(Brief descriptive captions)
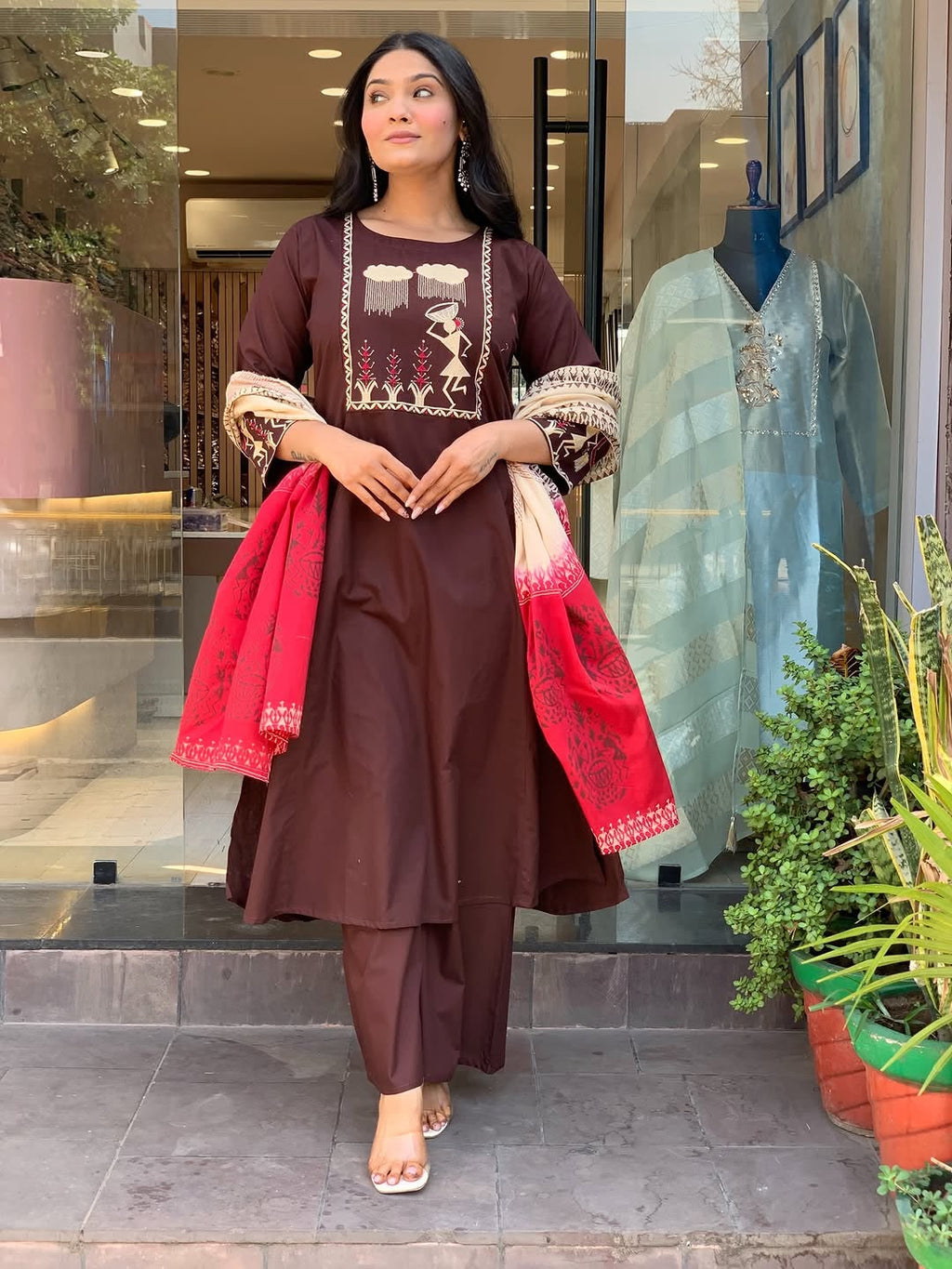 Dreamy Cotton A-Line Embroidered Kurta Set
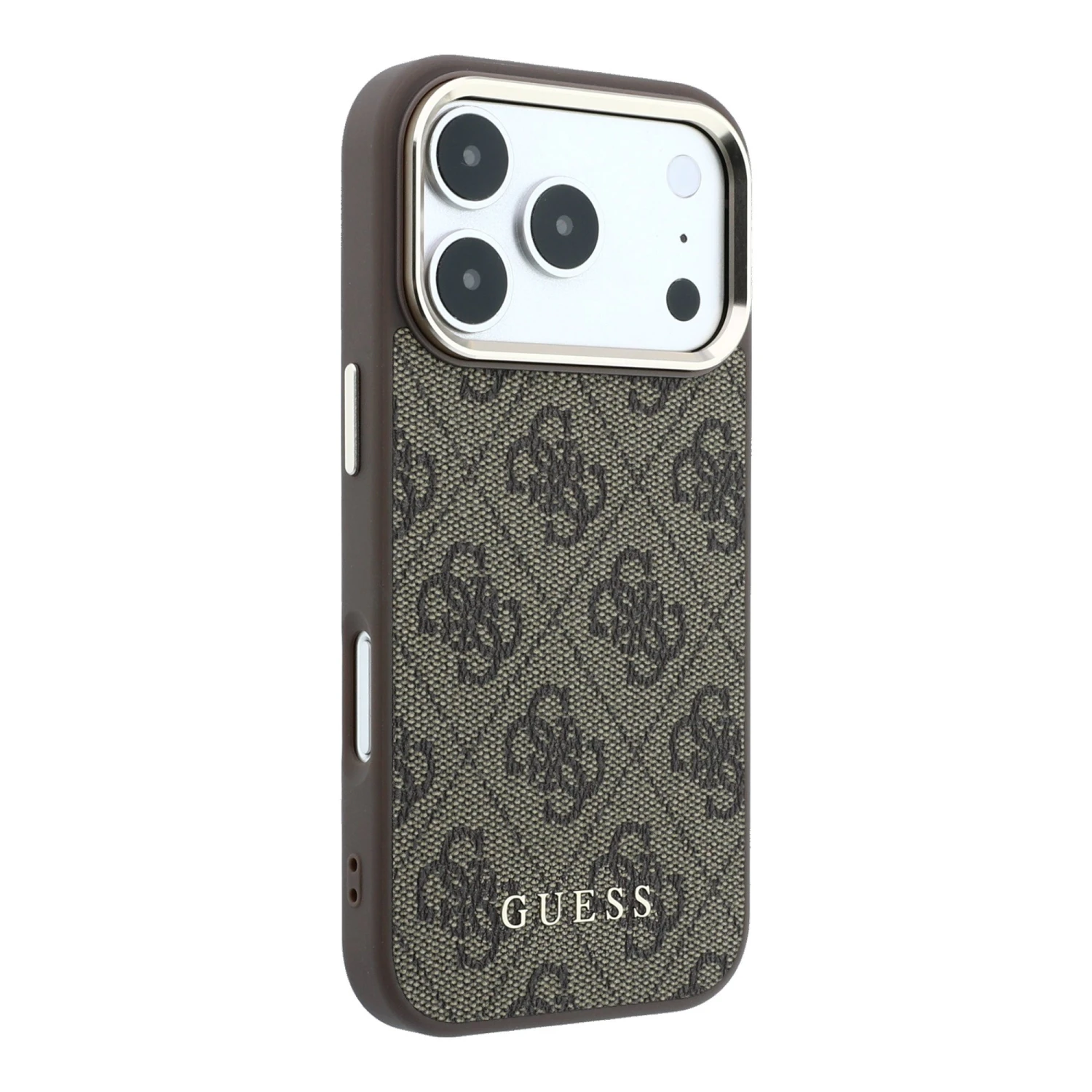 Guess PU Leather 4G Gold Frame MagSafe Zadní Kryt pro iPhone 18 Pro Max Brown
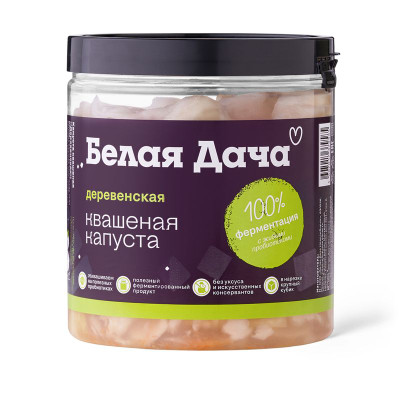 Изображение товара Капуста Белая Дача Деревенская квашеная крупная нарезка, 450г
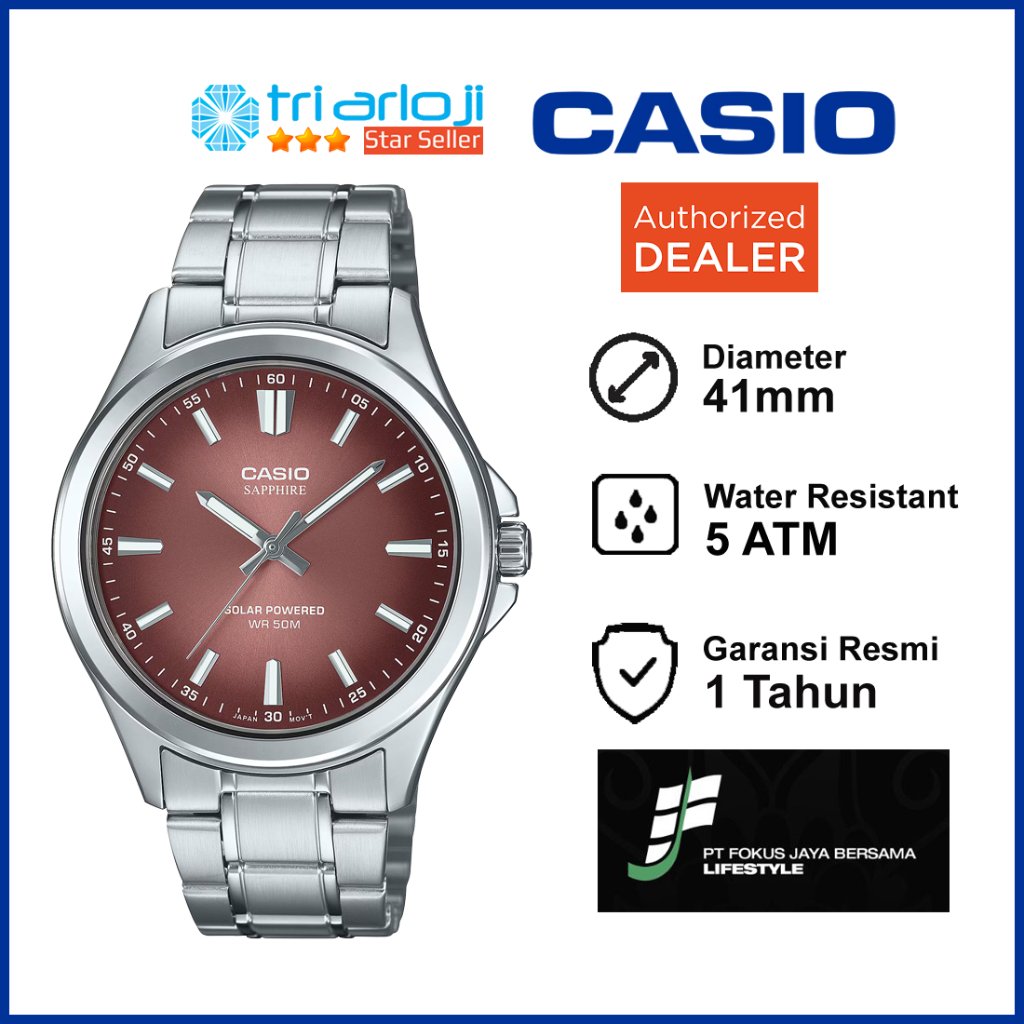 CASIO MTS-RS100D-5ADF Jam Tangan Pria Analog Solar Sapphire MTS-RS100D-5A MTSRS100D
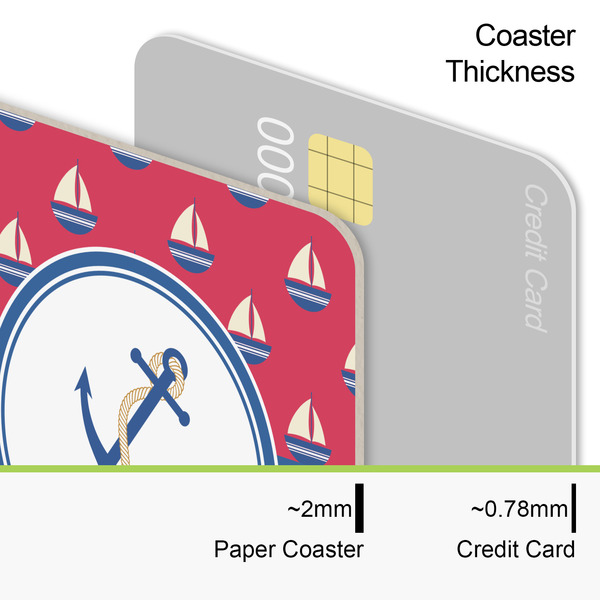 Sail Boats & Stripes Coaster Thickness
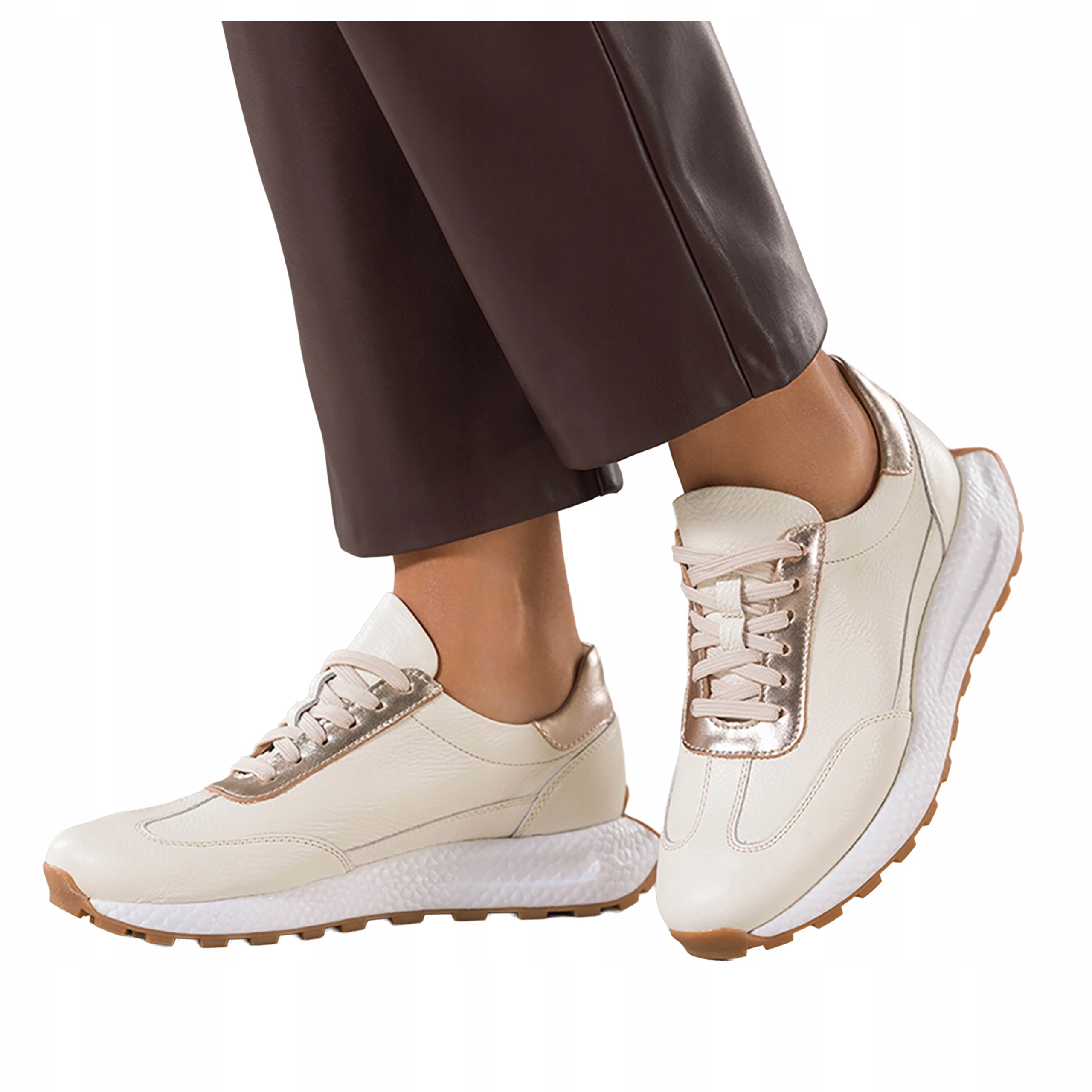 Béžové dámské kožené sportovní tenisky na platformě se šněrováním, velikost 38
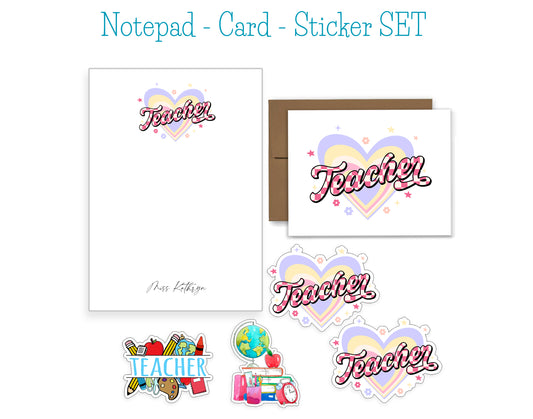 Teacher Notepad, Card and Stickers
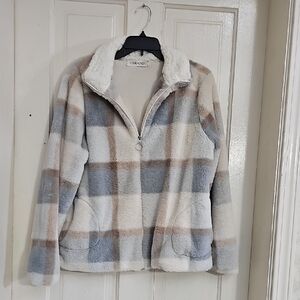 Cozy Plaid Teddy Jacket - Cream, Gray, and Brown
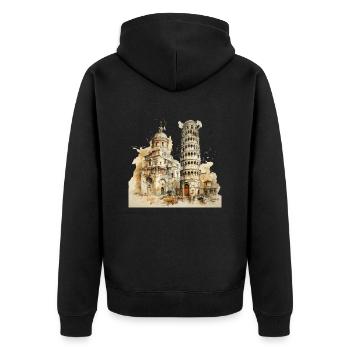 Leaning Tower of Pisa Italy abstract design - Unisex Premium Organic Zip Hoodie - black - Back - Nico (187cm)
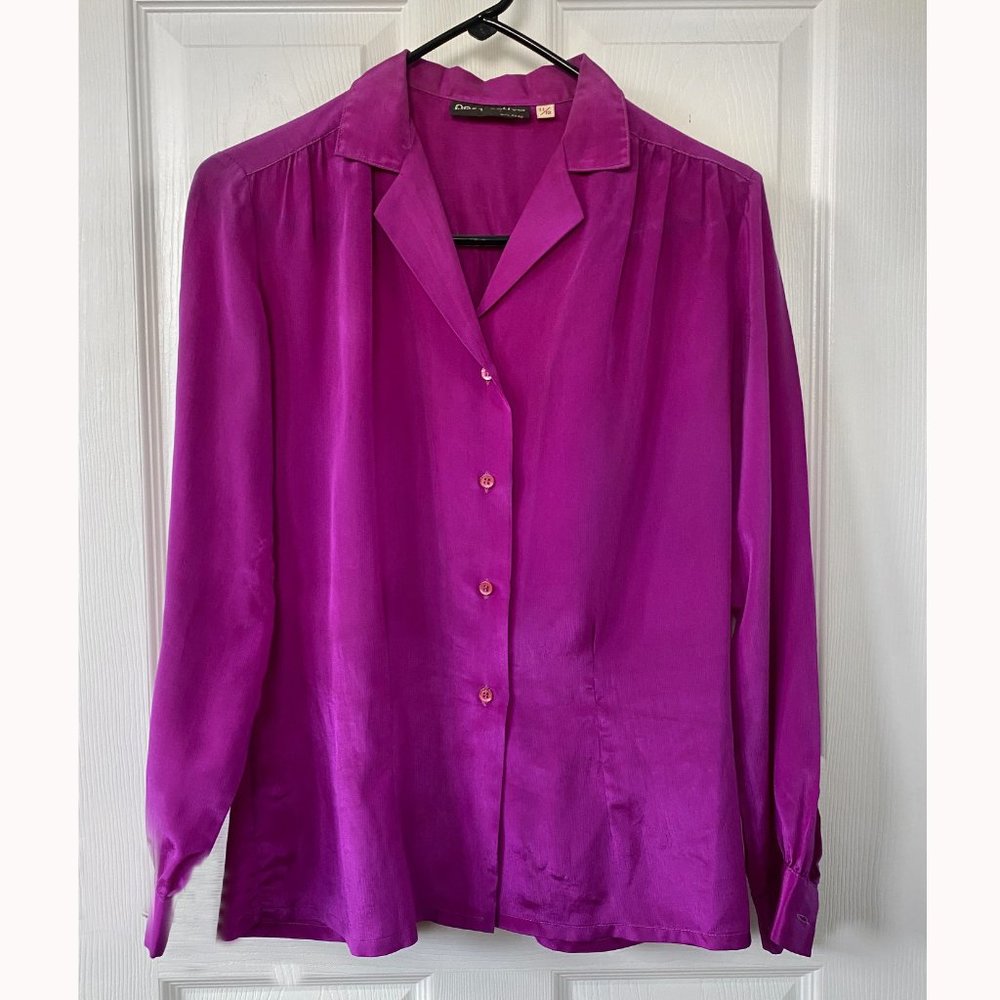“Perspective” Size 11/12, fuchsia/deep magenta, silky fabric blouse
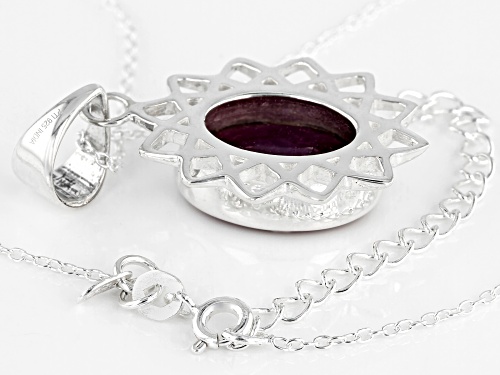 7.35ctw Oval Red Ruby Sterling Silver Pendant With Chain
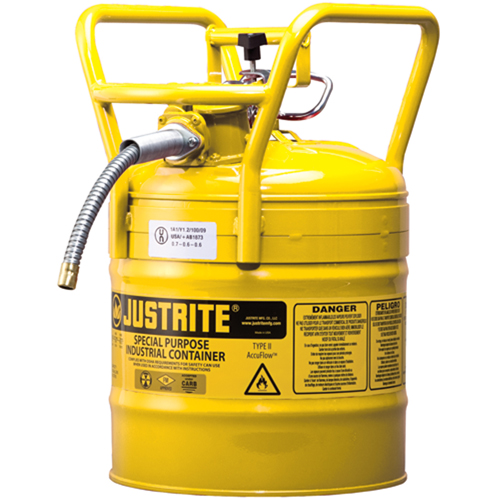 D.O.T. AccuFlow Safety Cans, Type II, Steel, 5 US gal., Yellow, FM Approved Equipment World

(PROBLEM):
Copy nothing but the lines from the start of the entries through the line with "CASIO MTS-RS100D-5ADF Jam". Write them out exactly, without pictures.

(RESULT OF THIS EXERCISE):
 Dreamy Cotton A-Line Embroidered Kurta Set
 Guess PU Leather 4G Gold Frame MagSafe Zadní Kryt pro iPhone 18 Pro Max Brown
 Изображение товара Капуста Белая Дача Деревенская квашеная крупная нарезка, 450г
 CASIO MTS-RS100D-5ADF Jam Tangan Pria Analog Solar Sapphire MTS-RS100D-5A MTSRS100D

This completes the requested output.